◆ Aim of the exercise ◆
Working from the entries below, give again each line from the first through the one containing "В Одессе на", exactly and with nothing else.

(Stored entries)

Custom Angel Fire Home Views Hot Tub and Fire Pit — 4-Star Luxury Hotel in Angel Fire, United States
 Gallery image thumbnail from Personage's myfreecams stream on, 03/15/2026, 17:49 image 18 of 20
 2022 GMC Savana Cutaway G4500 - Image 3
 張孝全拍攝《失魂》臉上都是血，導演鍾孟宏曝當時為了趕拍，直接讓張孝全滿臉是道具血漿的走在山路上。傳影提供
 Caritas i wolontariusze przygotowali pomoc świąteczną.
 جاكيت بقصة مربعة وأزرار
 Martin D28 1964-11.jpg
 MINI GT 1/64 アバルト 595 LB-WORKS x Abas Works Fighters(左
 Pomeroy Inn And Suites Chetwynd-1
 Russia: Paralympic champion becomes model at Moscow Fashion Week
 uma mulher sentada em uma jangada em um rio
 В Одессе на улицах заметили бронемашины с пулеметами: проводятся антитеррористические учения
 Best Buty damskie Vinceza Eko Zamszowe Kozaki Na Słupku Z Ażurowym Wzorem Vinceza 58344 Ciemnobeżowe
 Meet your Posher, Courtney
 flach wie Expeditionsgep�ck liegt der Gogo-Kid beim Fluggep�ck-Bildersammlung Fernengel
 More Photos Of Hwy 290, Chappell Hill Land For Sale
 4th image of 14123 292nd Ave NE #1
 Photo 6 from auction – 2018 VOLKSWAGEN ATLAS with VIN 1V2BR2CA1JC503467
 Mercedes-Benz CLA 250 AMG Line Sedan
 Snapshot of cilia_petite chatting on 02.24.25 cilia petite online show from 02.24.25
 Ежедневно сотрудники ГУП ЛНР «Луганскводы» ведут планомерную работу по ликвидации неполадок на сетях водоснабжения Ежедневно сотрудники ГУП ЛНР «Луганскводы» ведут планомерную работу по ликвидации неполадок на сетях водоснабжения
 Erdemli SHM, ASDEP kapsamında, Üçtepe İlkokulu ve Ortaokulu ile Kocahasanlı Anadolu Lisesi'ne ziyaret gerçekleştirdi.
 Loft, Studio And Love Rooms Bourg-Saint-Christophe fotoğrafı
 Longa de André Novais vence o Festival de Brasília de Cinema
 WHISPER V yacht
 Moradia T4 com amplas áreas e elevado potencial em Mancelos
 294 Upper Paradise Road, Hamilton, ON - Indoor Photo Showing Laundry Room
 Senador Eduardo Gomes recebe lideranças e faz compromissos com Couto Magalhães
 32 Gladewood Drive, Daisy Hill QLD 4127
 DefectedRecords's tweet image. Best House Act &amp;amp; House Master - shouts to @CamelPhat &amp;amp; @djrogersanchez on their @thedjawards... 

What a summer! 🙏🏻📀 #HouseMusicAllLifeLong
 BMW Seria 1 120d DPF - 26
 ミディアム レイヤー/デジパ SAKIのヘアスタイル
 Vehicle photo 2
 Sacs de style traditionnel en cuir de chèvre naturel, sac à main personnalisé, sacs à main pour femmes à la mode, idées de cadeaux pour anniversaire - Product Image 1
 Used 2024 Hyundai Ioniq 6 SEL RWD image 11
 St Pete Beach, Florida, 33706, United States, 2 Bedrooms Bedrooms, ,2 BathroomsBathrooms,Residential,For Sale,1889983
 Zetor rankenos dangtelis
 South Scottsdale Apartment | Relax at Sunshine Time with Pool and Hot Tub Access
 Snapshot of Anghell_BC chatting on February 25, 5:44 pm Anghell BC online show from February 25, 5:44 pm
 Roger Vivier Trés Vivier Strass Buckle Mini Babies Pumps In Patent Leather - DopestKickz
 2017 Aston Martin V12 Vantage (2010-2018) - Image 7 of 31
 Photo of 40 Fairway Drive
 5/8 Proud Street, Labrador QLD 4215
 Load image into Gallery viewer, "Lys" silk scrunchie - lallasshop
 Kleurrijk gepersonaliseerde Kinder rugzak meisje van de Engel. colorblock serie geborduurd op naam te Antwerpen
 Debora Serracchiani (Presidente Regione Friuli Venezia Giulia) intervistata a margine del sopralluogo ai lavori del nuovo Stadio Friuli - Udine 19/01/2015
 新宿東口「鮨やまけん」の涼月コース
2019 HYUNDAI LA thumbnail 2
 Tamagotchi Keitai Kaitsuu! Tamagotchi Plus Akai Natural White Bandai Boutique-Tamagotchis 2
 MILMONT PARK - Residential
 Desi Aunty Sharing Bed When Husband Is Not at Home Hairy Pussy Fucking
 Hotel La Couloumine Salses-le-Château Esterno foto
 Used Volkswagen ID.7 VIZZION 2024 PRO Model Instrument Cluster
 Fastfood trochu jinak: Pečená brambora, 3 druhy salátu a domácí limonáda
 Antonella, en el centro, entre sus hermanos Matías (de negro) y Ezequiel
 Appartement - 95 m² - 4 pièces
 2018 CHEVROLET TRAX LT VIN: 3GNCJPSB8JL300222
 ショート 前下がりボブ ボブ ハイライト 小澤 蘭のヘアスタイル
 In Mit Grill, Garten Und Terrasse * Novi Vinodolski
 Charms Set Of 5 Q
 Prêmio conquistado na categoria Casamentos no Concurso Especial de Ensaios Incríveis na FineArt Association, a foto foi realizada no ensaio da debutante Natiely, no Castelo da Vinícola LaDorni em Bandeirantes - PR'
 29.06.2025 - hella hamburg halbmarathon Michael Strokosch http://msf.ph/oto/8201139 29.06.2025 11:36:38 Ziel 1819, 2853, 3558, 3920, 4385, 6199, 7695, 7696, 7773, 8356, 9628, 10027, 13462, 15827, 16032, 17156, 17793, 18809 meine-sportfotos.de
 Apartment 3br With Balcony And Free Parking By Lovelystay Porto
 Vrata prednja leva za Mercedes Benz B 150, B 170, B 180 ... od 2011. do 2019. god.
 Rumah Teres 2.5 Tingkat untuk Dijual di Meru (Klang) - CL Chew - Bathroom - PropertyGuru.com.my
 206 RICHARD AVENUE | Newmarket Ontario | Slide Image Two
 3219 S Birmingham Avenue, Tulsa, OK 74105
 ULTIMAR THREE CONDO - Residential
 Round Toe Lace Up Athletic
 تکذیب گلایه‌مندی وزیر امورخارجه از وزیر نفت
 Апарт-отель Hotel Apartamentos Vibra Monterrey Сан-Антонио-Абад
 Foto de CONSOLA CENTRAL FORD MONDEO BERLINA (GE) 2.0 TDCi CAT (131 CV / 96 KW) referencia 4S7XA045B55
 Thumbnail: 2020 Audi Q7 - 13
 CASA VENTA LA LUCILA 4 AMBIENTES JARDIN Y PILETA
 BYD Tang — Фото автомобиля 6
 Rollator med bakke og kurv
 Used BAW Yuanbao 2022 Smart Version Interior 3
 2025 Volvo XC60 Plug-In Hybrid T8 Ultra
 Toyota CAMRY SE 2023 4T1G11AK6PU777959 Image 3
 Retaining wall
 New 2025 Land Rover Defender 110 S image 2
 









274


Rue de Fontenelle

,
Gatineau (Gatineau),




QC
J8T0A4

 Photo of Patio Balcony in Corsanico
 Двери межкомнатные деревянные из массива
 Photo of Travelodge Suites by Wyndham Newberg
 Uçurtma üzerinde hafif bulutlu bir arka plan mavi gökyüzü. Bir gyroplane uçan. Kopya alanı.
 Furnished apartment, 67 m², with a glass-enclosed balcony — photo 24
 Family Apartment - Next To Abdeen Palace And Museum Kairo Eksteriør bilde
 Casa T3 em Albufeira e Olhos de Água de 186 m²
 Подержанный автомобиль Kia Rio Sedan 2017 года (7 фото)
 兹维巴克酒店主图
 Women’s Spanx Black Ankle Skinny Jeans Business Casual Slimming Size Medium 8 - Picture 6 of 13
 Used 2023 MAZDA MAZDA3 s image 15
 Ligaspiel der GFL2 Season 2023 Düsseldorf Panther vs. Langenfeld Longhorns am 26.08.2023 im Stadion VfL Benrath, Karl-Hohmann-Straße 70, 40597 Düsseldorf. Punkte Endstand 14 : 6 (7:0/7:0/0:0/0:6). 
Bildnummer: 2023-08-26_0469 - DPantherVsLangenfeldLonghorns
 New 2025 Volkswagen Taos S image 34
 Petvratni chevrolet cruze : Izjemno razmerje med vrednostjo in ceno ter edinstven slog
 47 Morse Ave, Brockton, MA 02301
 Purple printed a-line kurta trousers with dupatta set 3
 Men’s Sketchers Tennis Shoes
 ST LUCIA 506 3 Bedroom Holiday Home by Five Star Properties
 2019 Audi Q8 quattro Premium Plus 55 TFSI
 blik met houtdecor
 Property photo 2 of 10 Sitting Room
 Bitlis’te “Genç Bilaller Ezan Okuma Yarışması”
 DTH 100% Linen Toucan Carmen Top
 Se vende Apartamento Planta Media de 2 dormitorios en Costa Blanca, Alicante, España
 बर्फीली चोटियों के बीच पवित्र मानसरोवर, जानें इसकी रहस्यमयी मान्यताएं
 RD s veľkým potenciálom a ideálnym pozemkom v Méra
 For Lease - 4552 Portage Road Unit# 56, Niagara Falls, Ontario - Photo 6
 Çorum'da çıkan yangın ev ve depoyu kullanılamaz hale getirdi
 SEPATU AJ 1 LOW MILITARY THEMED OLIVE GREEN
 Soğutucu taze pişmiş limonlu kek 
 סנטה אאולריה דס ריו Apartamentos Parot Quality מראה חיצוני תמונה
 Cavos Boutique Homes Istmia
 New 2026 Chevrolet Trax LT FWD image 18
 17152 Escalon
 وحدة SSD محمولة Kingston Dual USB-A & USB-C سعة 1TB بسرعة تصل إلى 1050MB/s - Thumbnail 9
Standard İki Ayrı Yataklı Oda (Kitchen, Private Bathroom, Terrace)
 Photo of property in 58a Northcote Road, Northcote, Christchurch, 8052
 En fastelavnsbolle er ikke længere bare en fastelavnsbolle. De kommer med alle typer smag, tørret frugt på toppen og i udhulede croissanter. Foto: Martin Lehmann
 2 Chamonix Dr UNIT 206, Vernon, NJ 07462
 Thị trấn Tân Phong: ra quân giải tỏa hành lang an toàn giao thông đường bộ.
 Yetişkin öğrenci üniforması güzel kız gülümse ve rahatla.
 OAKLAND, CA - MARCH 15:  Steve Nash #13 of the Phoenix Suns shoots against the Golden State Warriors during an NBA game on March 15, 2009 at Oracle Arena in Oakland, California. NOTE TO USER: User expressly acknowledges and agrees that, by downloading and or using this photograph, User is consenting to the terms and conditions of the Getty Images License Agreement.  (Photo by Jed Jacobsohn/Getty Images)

◆ Answer to the problem ◆
Custom Angel Fire Home Views Hot Tub and Fire Pit — 4-Star Luxury Hotel in Angel Fire, United States
 Gallery image thumbnail from Personage's myfreecams stream on, 03/15/2026, 17:49 image 18 of 20
 2022 GMC Savana Cutaway G4500 - Image 3
 張孝全拍攝《失魂》臉上都是血，導演鍾孟宏曝當時為了趕拍，直接讓張孝全滿臉是道具血漿的走在山路上。傳影提供
 Caritas i wolontariusze przygotowali pomoc świąteczną.
 جاكيت بقصة مربعة وأزرار
 Martin D28 1964-11.jpg
 MINI GT 1/64 アバルト 595 LB-WORKS x Abas Works Fighters(左
 Pomeroy Inn And Suites Chetwynd-1
 Russia: Paralympic champion becomes model at Moscow Fashion Week
 uma mulher sentada em uma jangada em um rio
 В Одессе на улицах заметили бронемашины с пулеметами: проводятся антитеррористические учения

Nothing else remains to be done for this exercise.